= Symplectization =

In mathematics, the symplectization (or symplectification) of a contact manifold is a symplectic manifold which naturally corresponds to it.

== Definition ==

Let $(V,\xi)$ be a contact manifold, and let $x \in V$. Consider the set
 $S_xV = \{\beta \in T^*_xV - \{ 0 \} \mid \ker \beta = \xi_x\} \subset T^*_xV$
of all nonzero 1-forms at $x$, which have the contact plane $\xi_x$ as their kernel. The union
$SV = \bigcup_{x \in V}S_xV \subset T^*V$
is a symplectic submanifold of the cotangent bundle of $V$, and thus possesses a natural symplectic structure.

The projection $\pi : SV \to V$ supplies the symplectization with the structure of a principal bundle over $V$ with structure group $\R^* \equiv \R - \{0\}$.

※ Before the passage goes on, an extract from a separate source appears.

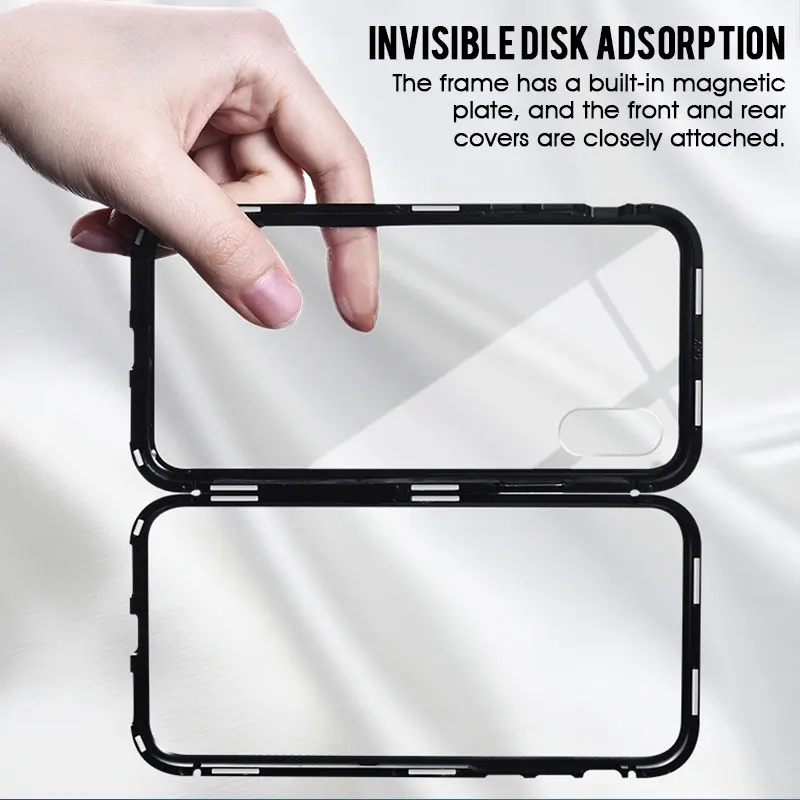 Magnetic Adsorption Case For iPhone X XR XS MAX 8 7 Plus Metal Magnet Case For iPhone 7 8 Plus 6 6S Back Cover Glass Cases Funda Magnetic Adsorption Case For iPhone X XR XS MAX 8 7 Plus Metal Magnet Case For iPhone 7 8 Plus 6 6S Back Cover Glass Cases Funda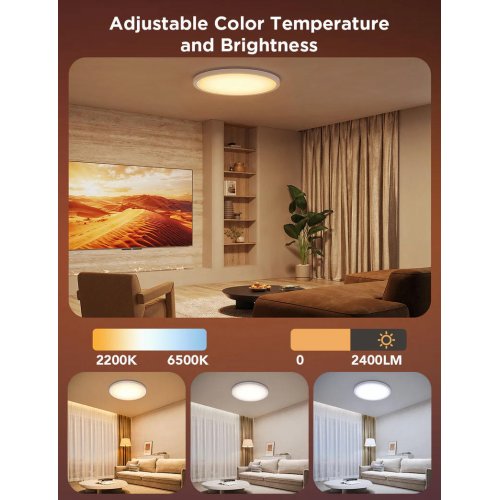 Потолочний світильник Govee 12" RGBWW + RGBIC Smart Ceiling Light (H80A1C01) купити в Україні: Київ, Львів, Хмельницький, Тернопіль, Івано-Франківськ | Низька ціна, відгуки, характеристики від TELEMART фото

== The coorientable case ==

When the contact structure $\xi$ is cooriented by means of a contact form $\alpha$, there is another version of symplectization, in which only forms giving the same coorientation to $\xi$ as $\alpha$ are considered:

$S^+_xV = \{\beta \in T^*_xV - \{0\} \,|\, \beta = \lambda\alpha,\,\lambda > 0\} \subset T^*_xV,$

$S^+V = \bigcup_{x \in V}S^+_xV \subset T^*V.$

Note that $\xi$ is coorientable if and only if the bundle $\pi : SV \to V$ is trivial. Any section of this bundle is a coorienting form for the contact structure.